Au premier degré, il s’agit du braquage perpétré dans une banque par deux ronds de cuir dépourvus du moindre charisme. Des hommes dans la foule qui caressent des rêves inaccessibles sans avoir le courage de les réaliser, même une fois devenus riches. Le propos de Rodrigo Moreno se situe pourtant ailleurs. Dans ce lieu reculé où va se réfugier l’un, tandis que son complice purge leur peine de prison à tous les deux. Révéler la suite serait regrettable… Los Delincuentes propose en fait une réflexion sur la condition humaine à travers les choix existentiels qu’on accomplit dans l’espoir illusoire de modifier le cours de son destin. Ses deux personnages principaux nourrissent des aspirations à leur image : modestes sinon minables. La somme qu’ils dérobent se limite d’ailleurs à leurs salaires cumulés jusqu’à la retraite.
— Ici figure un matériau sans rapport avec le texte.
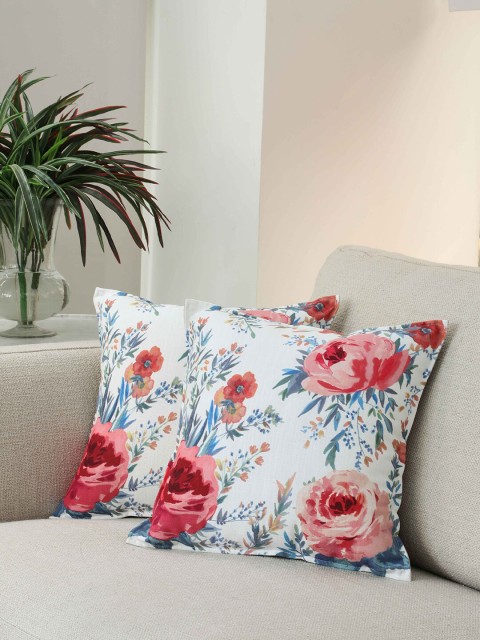 

BLUE BOAT Off-White & Blue Set of 2 Floral Square Cushion Covers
Quant à leur eldorado dérisoire, c’est un village perdu de la région de Córdoba où les membres d’une communauté d’artistes vivant en autarcie semblent moins se préoccuper de gagner honnêtement leur vie que de refaire éternellement le monde. Avec pour l’égayer deux sœurs mystérieuses. Le film fascine par sa construction en miroir dont le réalisateur affirme qu’elle reflète ses deux hémisphères. Los Delincuentes sème ainsi d’innombrables petits cailloux blancs. À l’image des prénoms de ses protagonistes qui résonnent comme les anagrammes absurdes et énigmatiques les uns des autres : Morán, Román, Ramon, Morna, Norma… Cinq lettres qui servent à désigner autant de personnages emboîtés dans une sorte de ballet énigmatique qui aimerait ressembler à une parade d’amour.

Jean-Philippe Guerand

Film argentino-chilo-brasilo-luxembourgeois de Rodrigo Moreno (2023), avec Daniel Elías, Esteban Bigliardi, Margarita Molfino. 3h10.